Stanisława Karczewskiego jako potencjalnego następcę Łukasza Szumowskiego wymienia się od momentu, gdy padła zapowiedź rekonstrukcji rządu. Były marszałek Senatu, zapytany, czy ktoś złożył mu taką propozycję, odpowiedział, że nie. - Ławka rezerwowych w Prawie i Sprawiedliwości jest długa, także decyzje na pewno zapadną niebawem - powiedział Karczewski. - Jeżeli sam dostałbym propozycję, to bardzo poważnie bym się nad nią zastanawiał, porozmawiałbym z żoną - dodał.
Zapytany, czy byłby gotowy objąć to stanowisko, stwierdził, że "polityk musi być gotowy do wszystkiego". Karczewski ocenił, że jeśli chodzi o walkę z epidemią, Łukasz Szumowski "stanął na wysokości zadania". - Był niezwykle waleczny, pracował intensywnie, często mówiłem mu, że pracuje ponad siły - powiedział. - W naszym środowisku słyszeliśmy o takim zamiarze (podania się do dymisji - red.) pana ministra. Z jednej strony się nie dziwię, bo każdy z nas lekarzy, wykonujących funkcję publiczną, ma z tyłu głowy myśl o swoim zawodzie, powrocie do zawodu - podkreślił Karczewski.

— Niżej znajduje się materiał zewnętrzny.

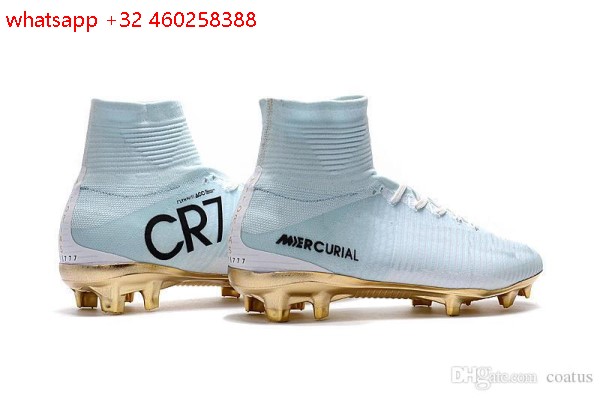 chaussure de foot taille 39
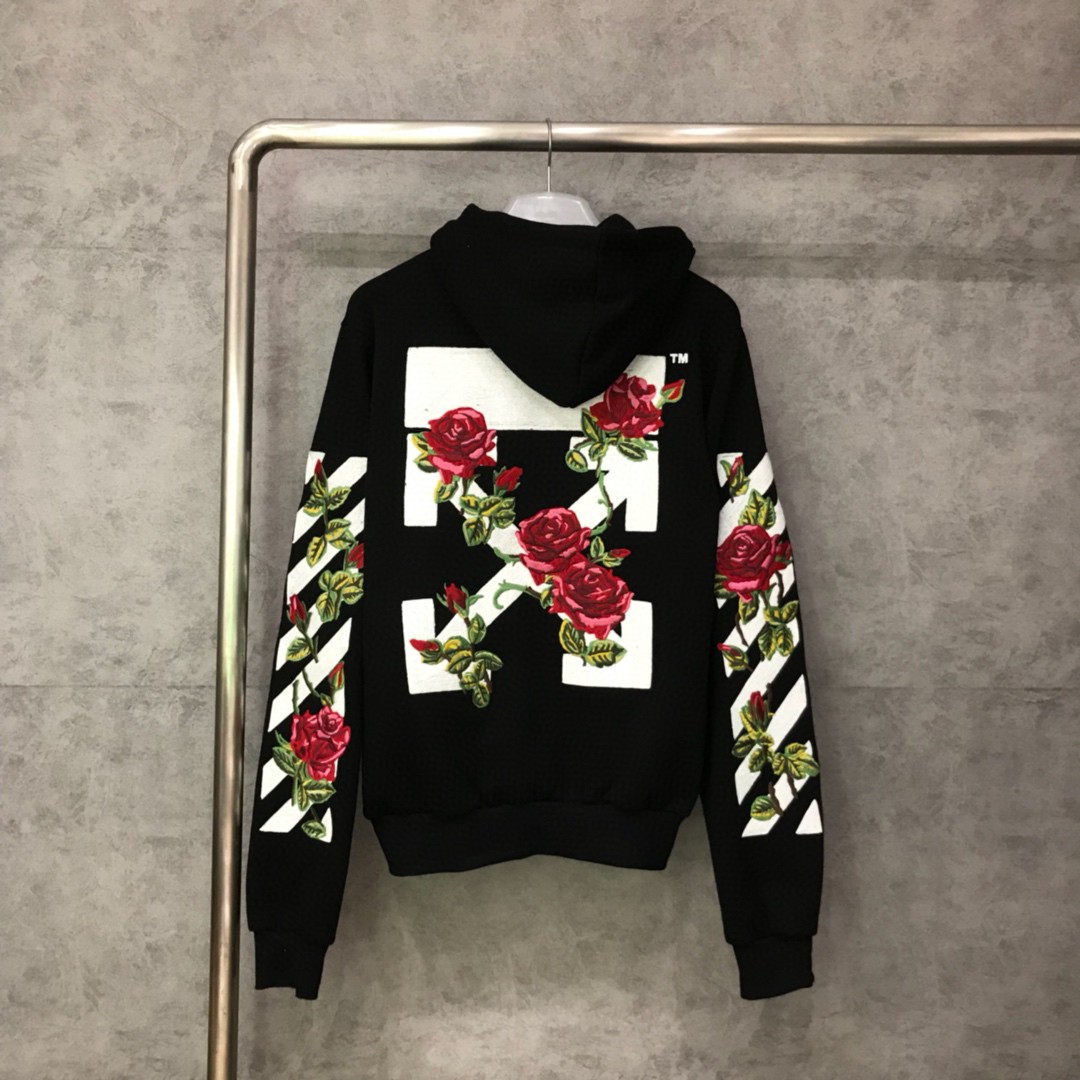 Women Men Sweater cardigan Maikesneakers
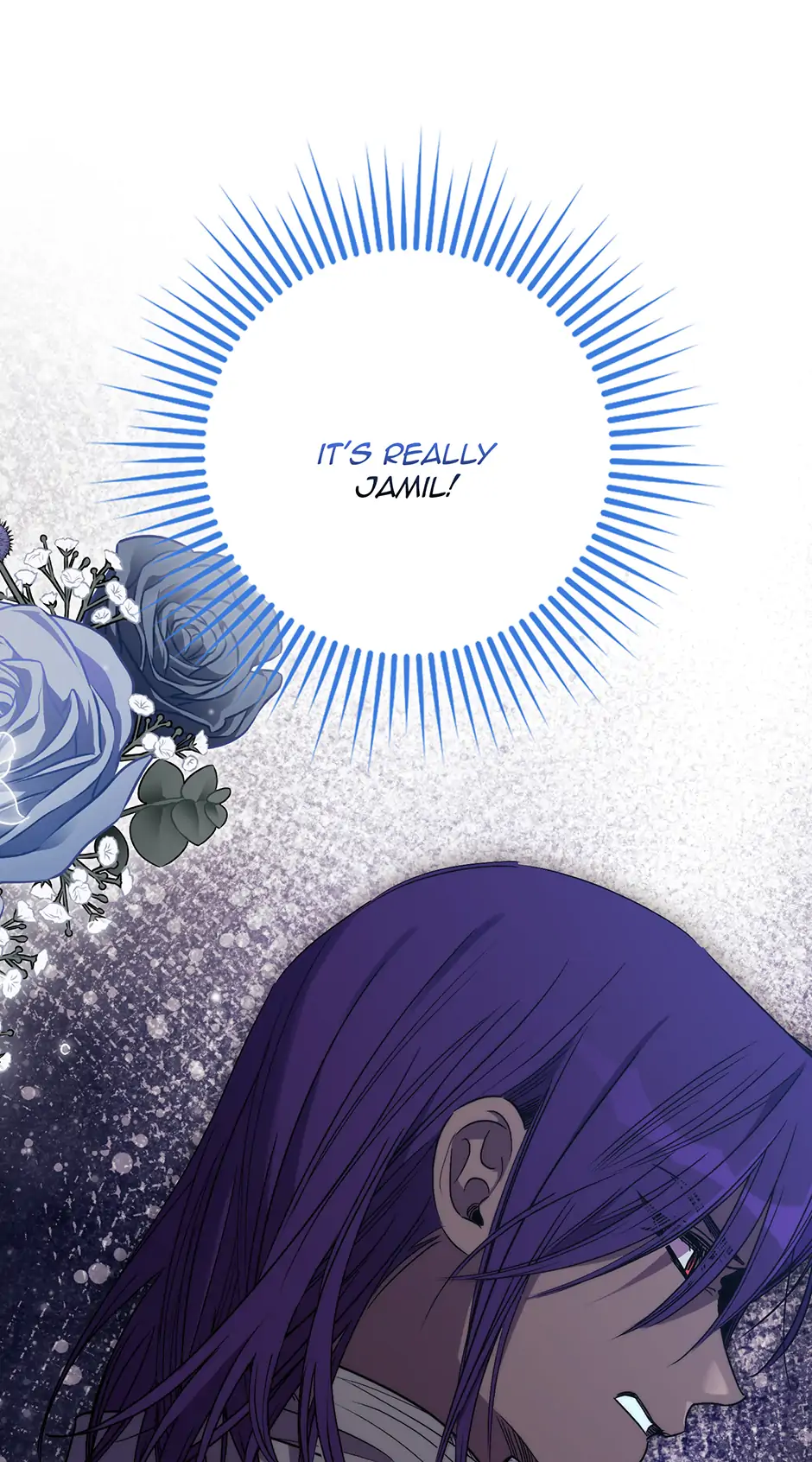 The Hero Went Crazy Even Though I’m the One Who Died Chapter 65 269 ch 65 61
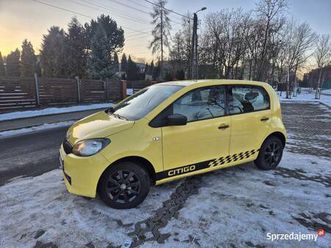 2 wlasciciel orginal bezwypadku nawi klima alu 123tyskm bytom - sprzedajemy.pl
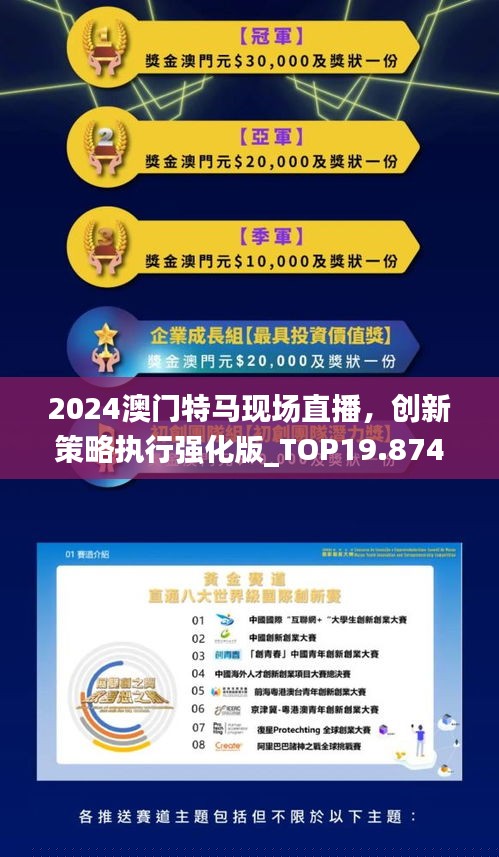 澳门2049，探索未来与传统的交汇管家婆100%中奖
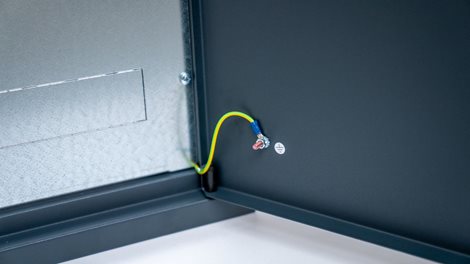 Rozvaděč elektroměrový EMR 2 + 36P ANTRACIT bez hl.j. + 36M podr. vpravo uni-FV 2025 ČEZ+EGD vyp. 63 11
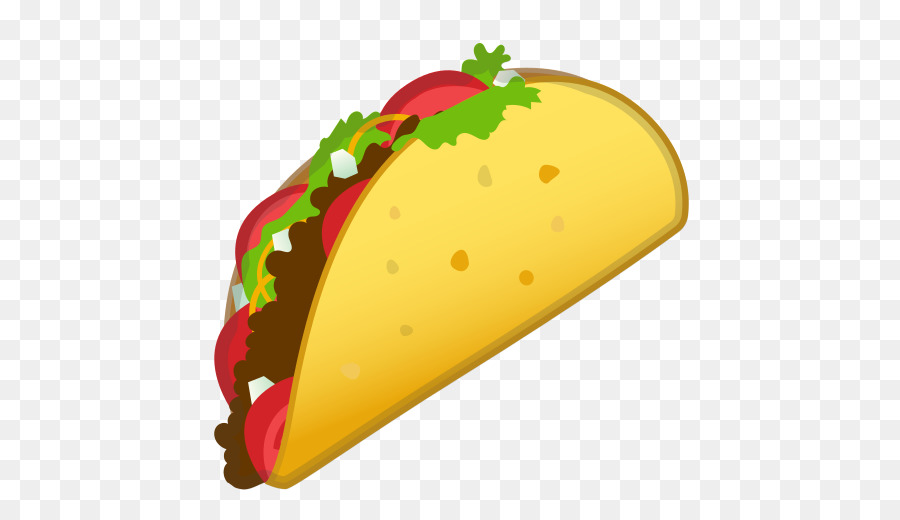 Tacos，Mexicano PNG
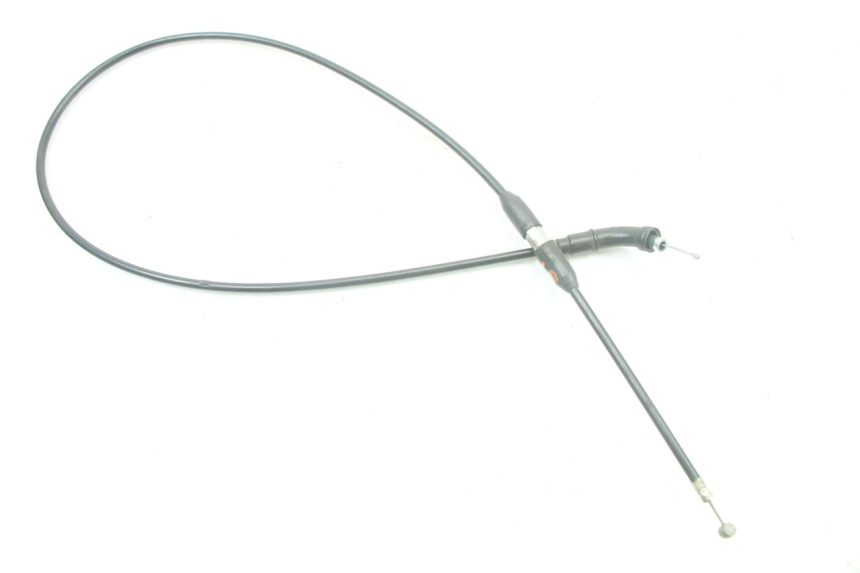 photo de CHOKE CABLE SMALL MX THUNDER 250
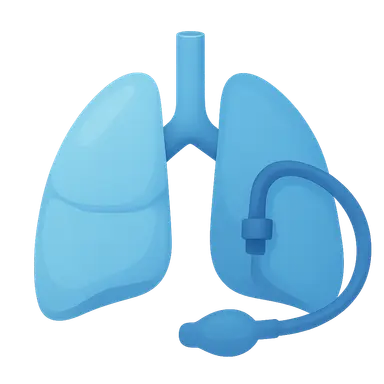 Postoperative anesthesia complications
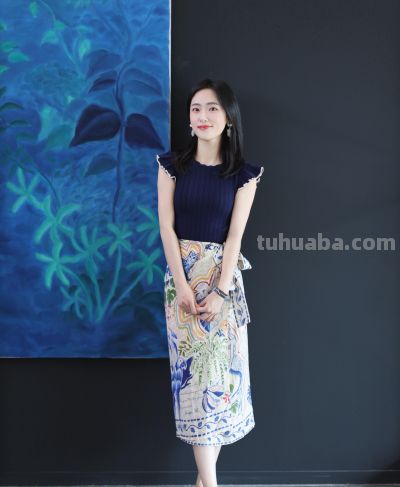1️⃣0️⃣图合集🍃🫧夏天的漂亮衣服太多啦~ - 今日头条 1️⃣0️⃣图合集🍃🫧夏天的漂亮衣服太多啦~ - 图画吧TUHUABA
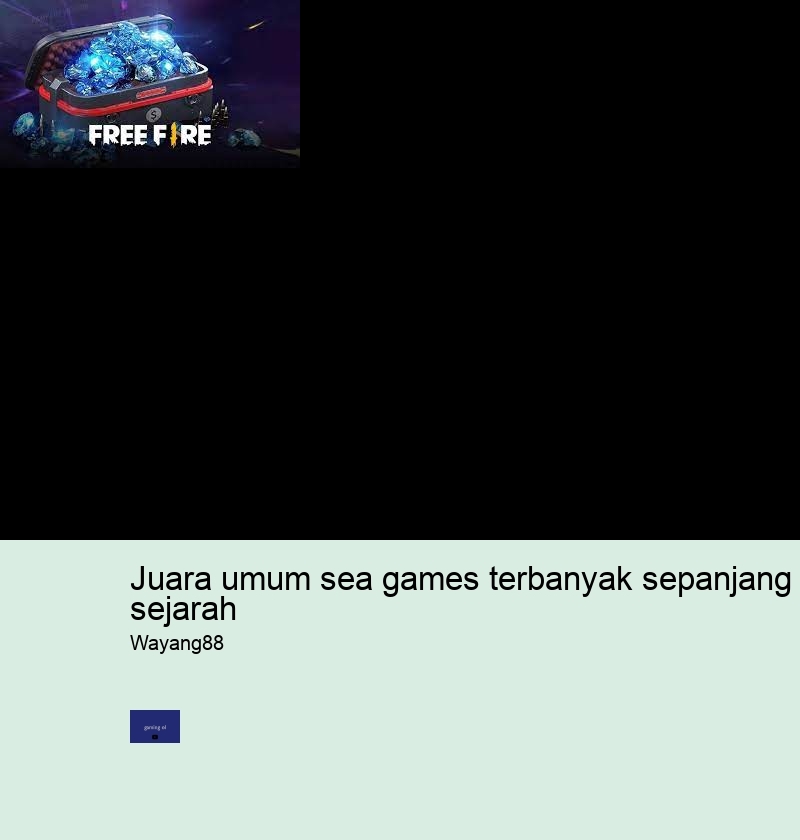 sejarah perkembangan game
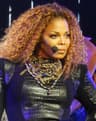 Janet Jackson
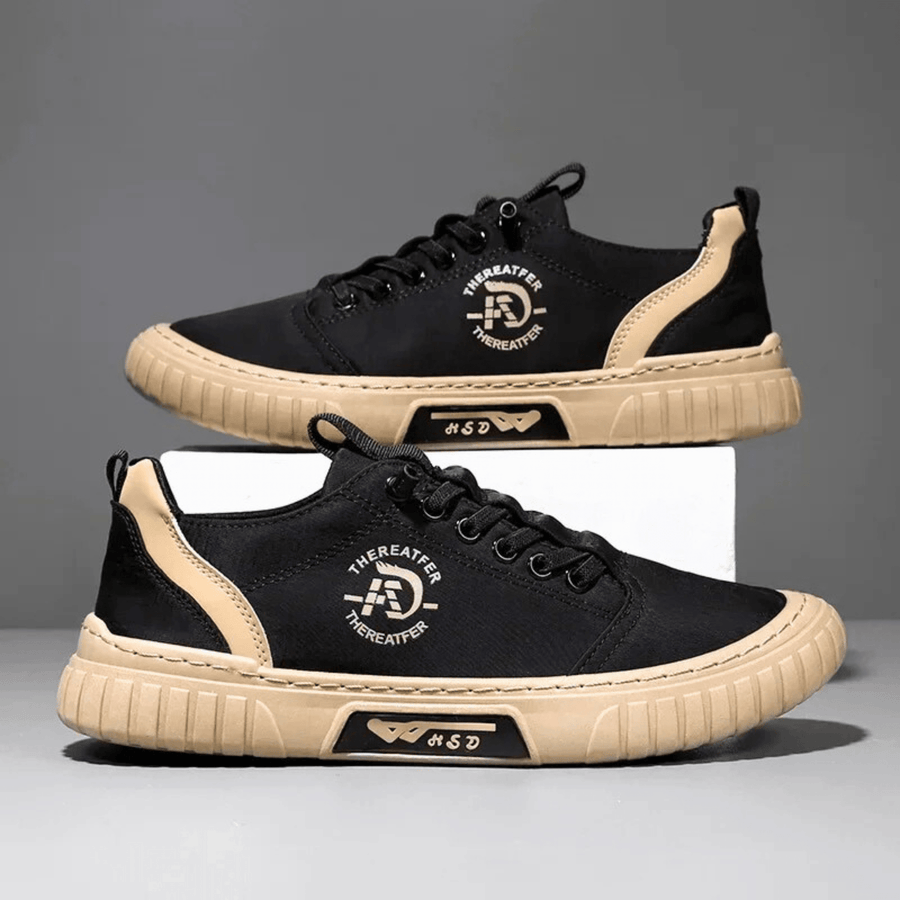 Varel | Zapatillas urbanas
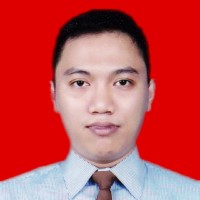 Alvan Iwayanto
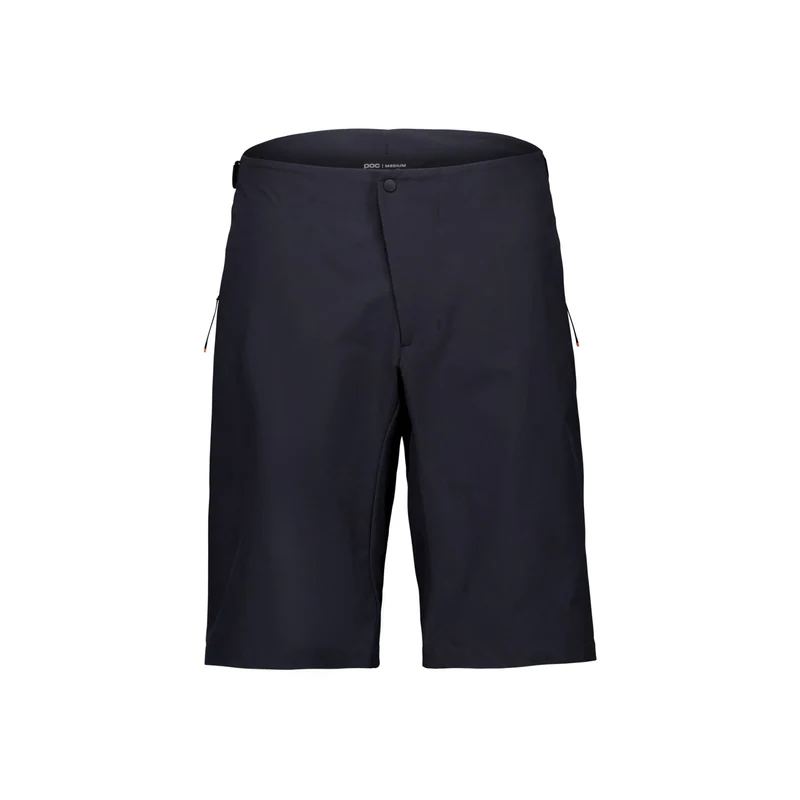 Poc M's Motion Air Shorts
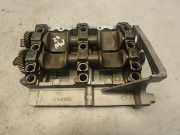 Ausgleichswellenmodul BMW 3er Reihe 318Ci 318 ti 2,0 Benzin N42B20A 0156685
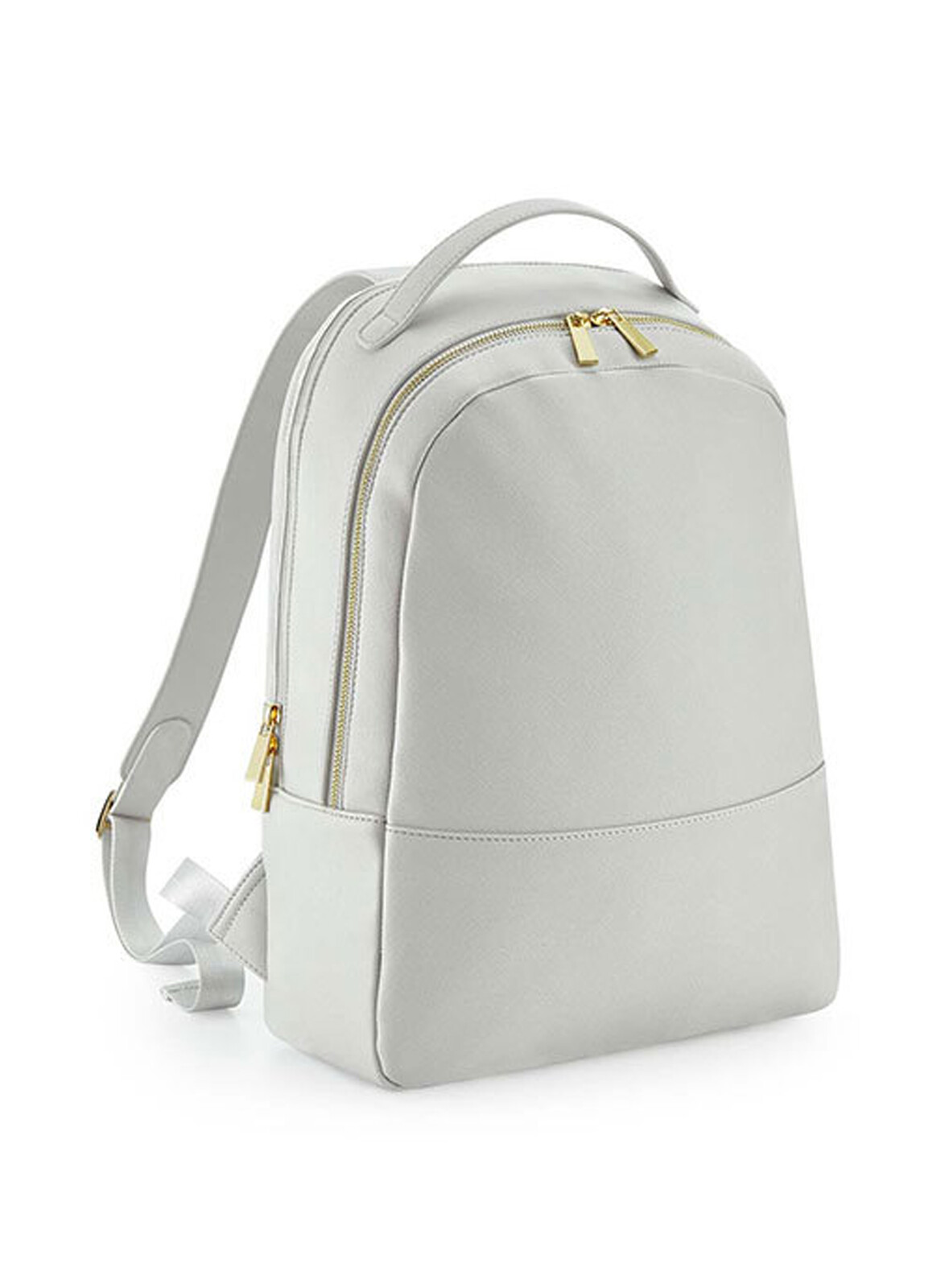 Batoh Bag Base Boutique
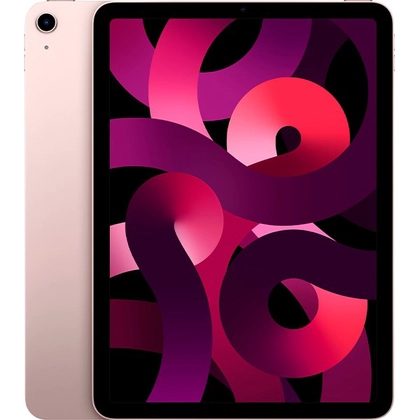 thay pin ipad air 5 3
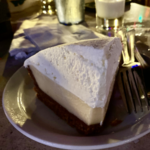 Old Key Lime House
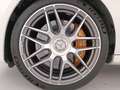 Mercedes-Benz E 63 AMG SW  S 4matic + auto my20 Blanc - thumbnail 11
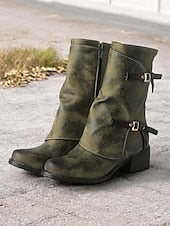 https://litb-cgis.rightinthebox.com/images/170x226/202410/bps/product/inc/mqiqof1730105668991.jpg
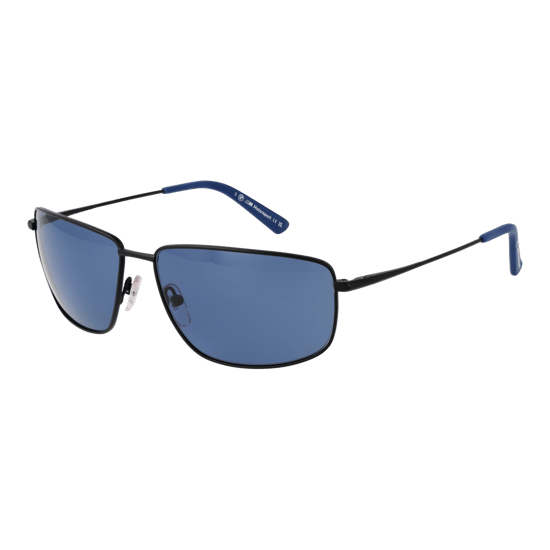 BMW Motorsport Zonnebril BS0027 02M 62 - Image 1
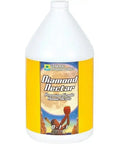General Hydroponics® Diamond Nectar®, qt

We wtorek po południu Łukasz Szumowski ogłosił, że rezygnuje z kierowania Ministerstwem Zdrowia. Premier Mateusz Morawiecki powiedział podczas konferencji w Katowicach, że nazwisko nowego szefa resortu zdrowia będzie znane do końca tygodnia. - To również jest kwestia, która podlega ustaleniom politycznym i na poziomie politycznym ona zostanie zatwierdzona - powiedział premier.